A police watchdog has criticised the actions of officers from two forces after a pedestrian's death.
Wayne Teasdale, 35, of Coventry, died on 26 July, 2008. Police had received reports of a man on the A45 near the Dunchurch roundabout in Warwickshire.
A Northamptonshire Police officer had earlier dropped him off in a position that the Independent Police Complaints Commission said was dangerous.
It also said Warwickshire Police did not appreciate the risk to Mr Teasdale.
Mr Teasdale had been at an event at the Billing Aquadrome in Northampton with friends but had decided to walk home, instead of camping as planned, during the early hours of 26 July.
The friends said Mr Teasdale had appeared drunk.
He had called the police and told them he was lost and had smoked cannabis.
Police eventually found Mr Teasdale and took him to the county boundary with Warwickshire, and dropped him at a service station on the A45 near Dunchurch at about 1042 BST.
Between then and 1130 BST when he was hit by a car. Warwickshire Police got a number of calls from the public about a man walking alongside and on the A45 carriageway.
The IPCC said the decision by a Northamptonshire officer to drop him along the A45 was inappropriate.
It also said the police officer and staff member in Warwickshire Police's control room had failed to appreciate the risk posed to Mr Teasdale.
It added that a police officer and a special constable assigned to deal with the reports, and who stopped along the way to deal with a driver using a mobile phone, responded "below the acceptable standard".

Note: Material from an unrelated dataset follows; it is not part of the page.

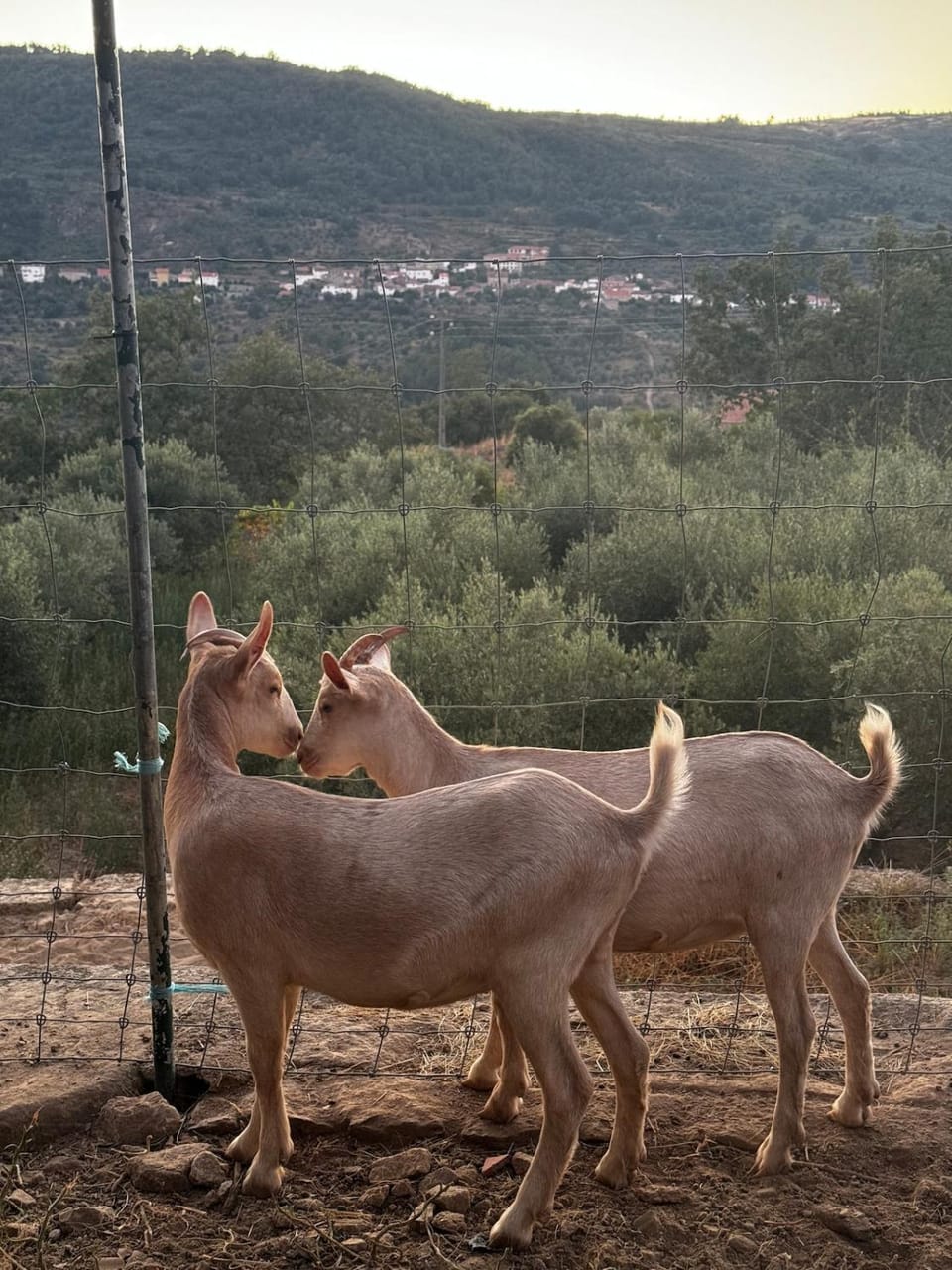 Casa da Aldeia - Exclusive Upper Floor with 3 Bedrooms and Private Pool House in Portugal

Three police constables, a special constable and a member of police staff, have all received words of advice in relation to their failures, the IPCC said.
Warwickshire Police said it accepted the findings and wanted to reassure Mr Teasdale's family that lessons had been learnt.
A spokeswoman for Northamptonshire Police said it accepted the findings and offered its deepest sympathy to Mr Teasdale's family.